▸ SOURCE DATA:
Segment Open

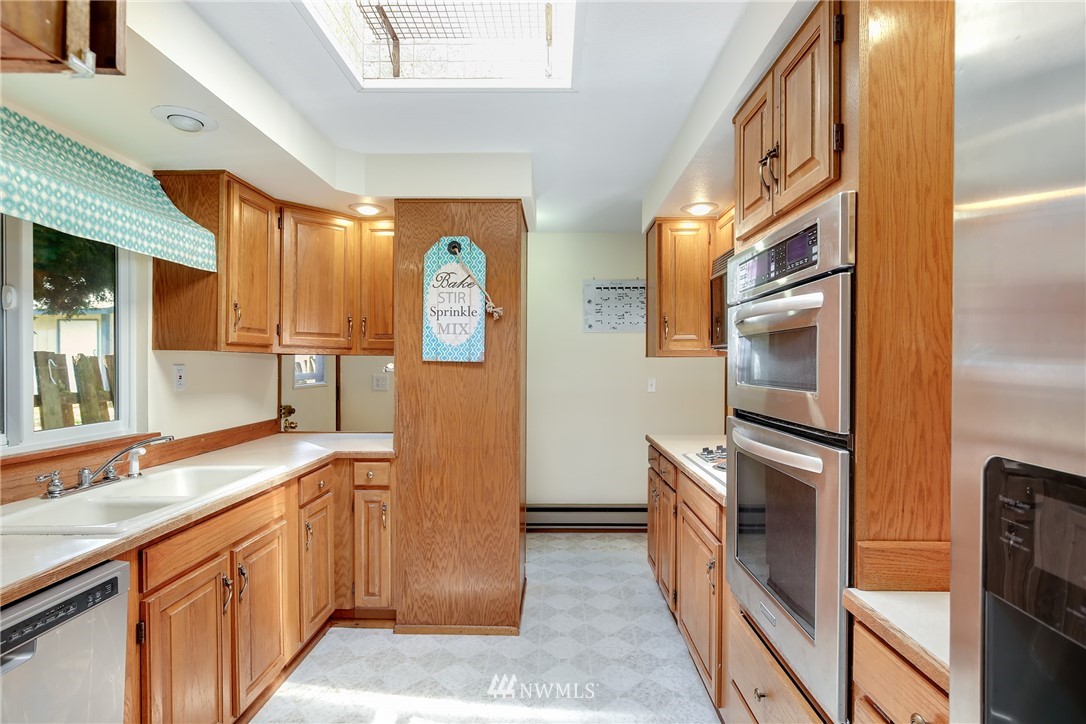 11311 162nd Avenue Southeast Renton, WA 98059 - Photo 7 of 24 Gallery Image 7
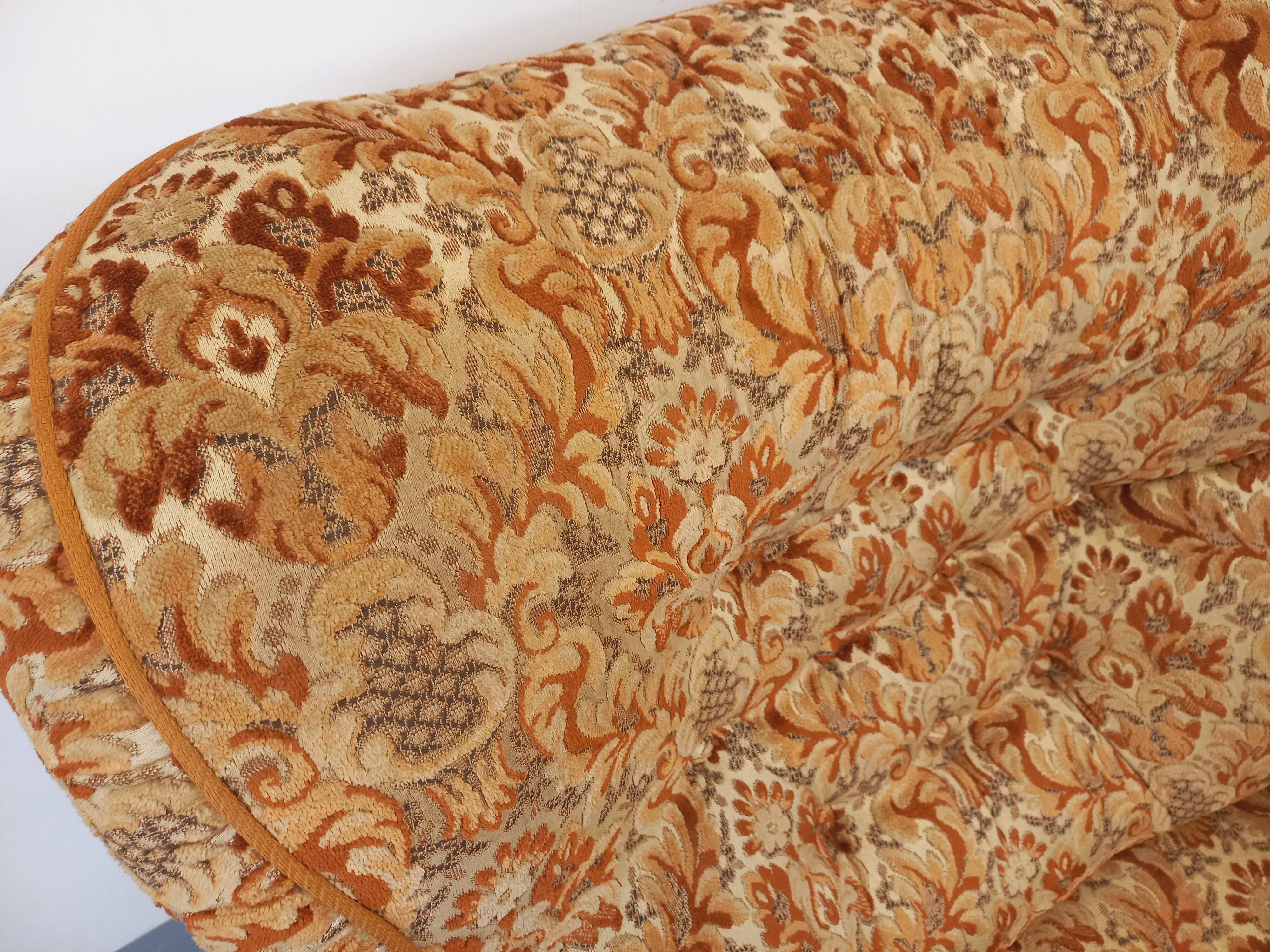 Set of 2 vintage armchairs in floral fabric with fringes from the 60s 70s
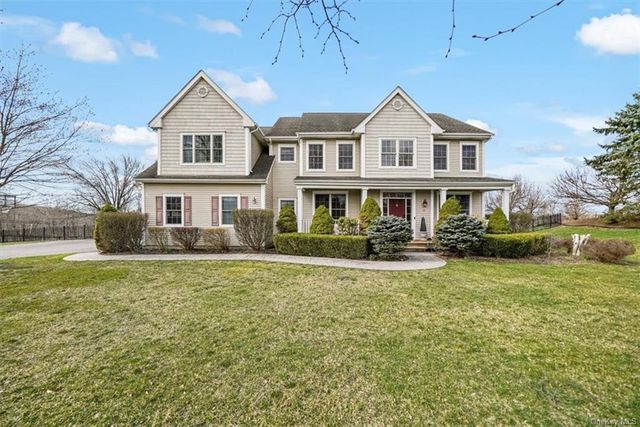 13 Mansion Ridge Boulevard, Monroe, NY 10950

Segment Closed
Segment Open

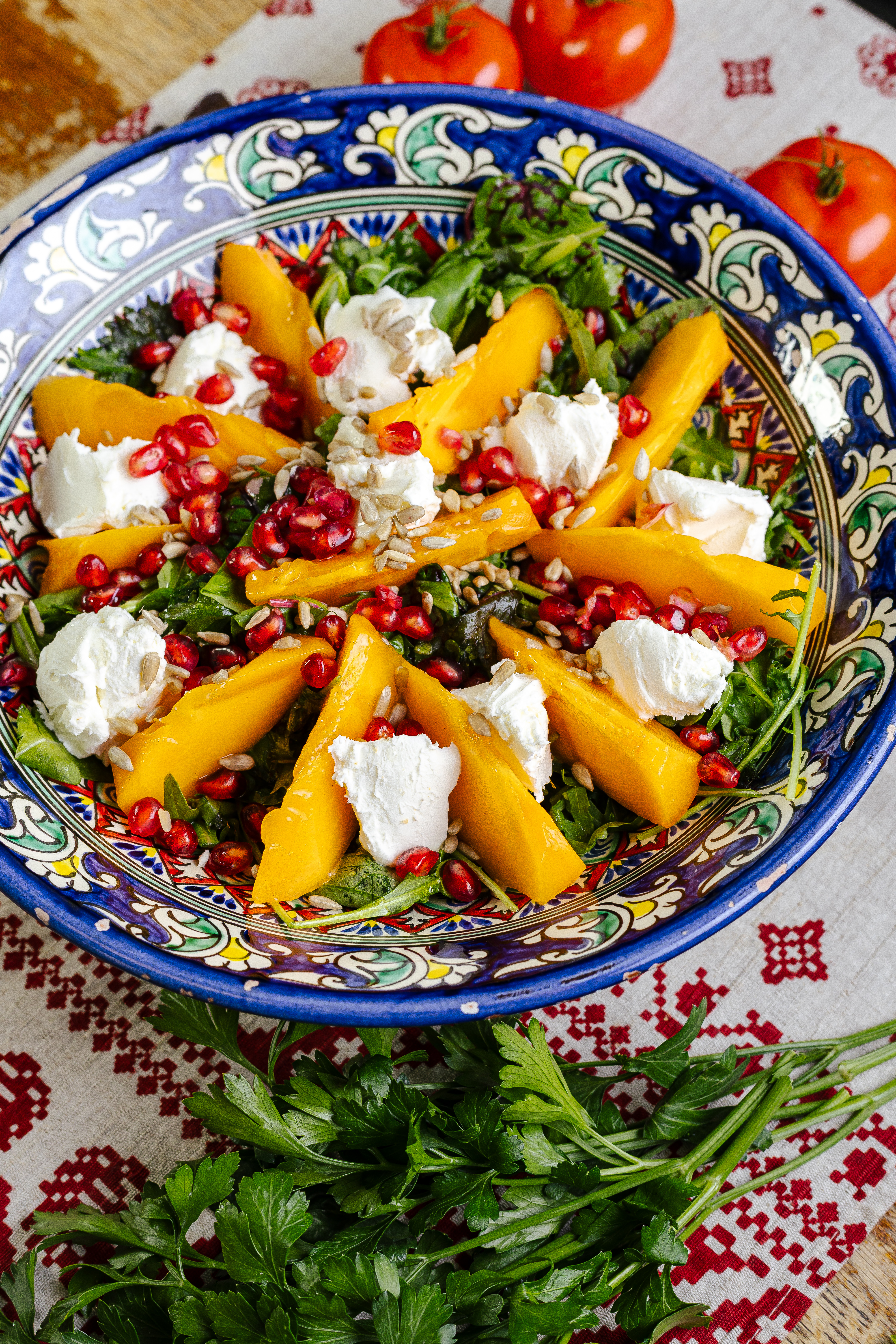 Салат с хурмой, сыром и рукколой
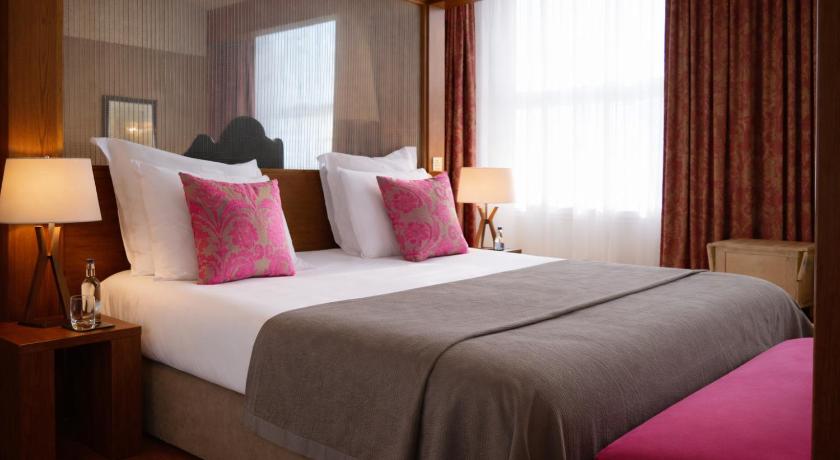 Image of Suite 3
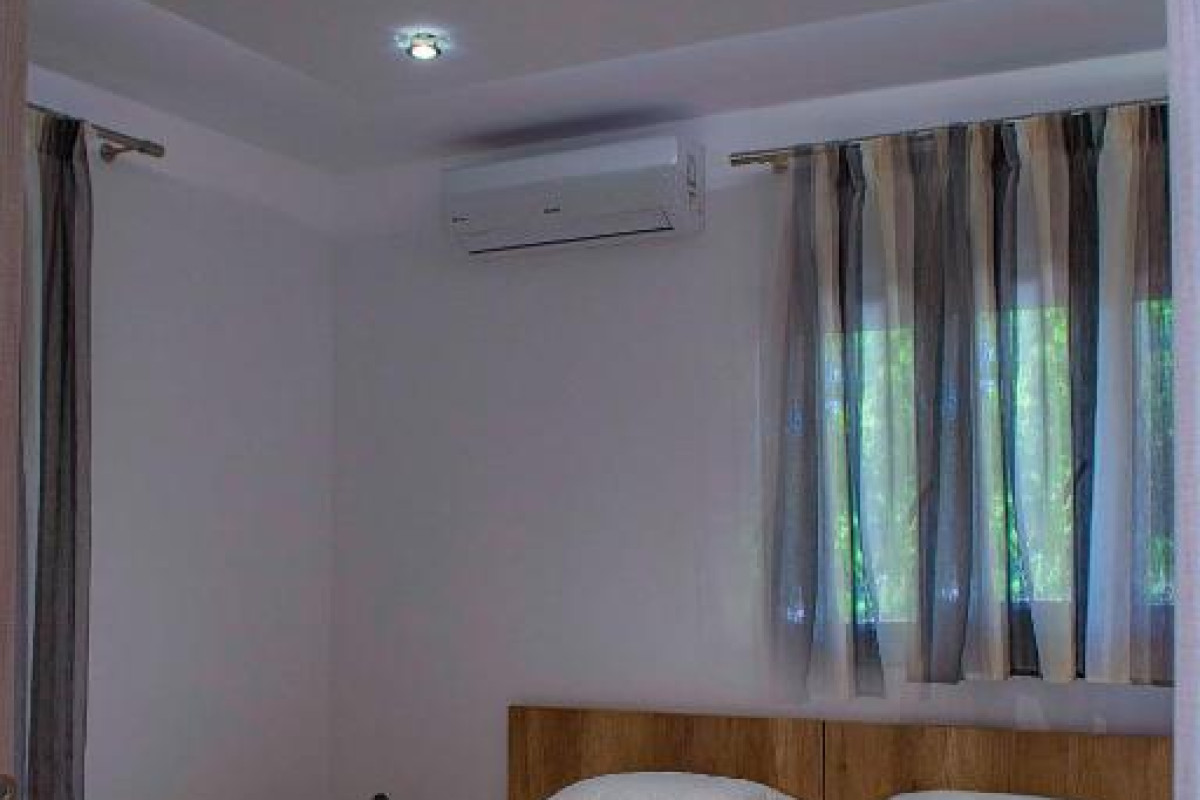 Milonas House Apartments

Segment Closed
Segment Open

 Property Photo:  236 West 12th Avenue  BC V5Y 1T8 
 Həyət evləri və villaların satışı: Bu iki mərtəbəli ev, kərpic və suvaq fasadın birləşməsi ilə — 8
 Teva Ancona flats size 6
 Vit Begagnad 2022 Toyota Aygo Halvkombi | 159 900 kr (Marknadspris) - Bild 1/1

Segment Closed

▸ ACTIVITY: Would you give again, exactly, the lines in the data above that run from the line containing "11311 162nd Avenue" to the line containing "13 Mansion Ridge Boulevard, Monroe, NY 10950"? Include both ends and no pictures.

▸ ANSWER BELOW:
 11311 162nd Avenue Southeast Renton, WA 98059 - Photo 7 of 24 Gallery Image 7
 Set of 2 vintage armchairs in floral fabric with fringes from the 60s 70s
 13 Mansion Ridge Boulevard, Monroe, NY 10950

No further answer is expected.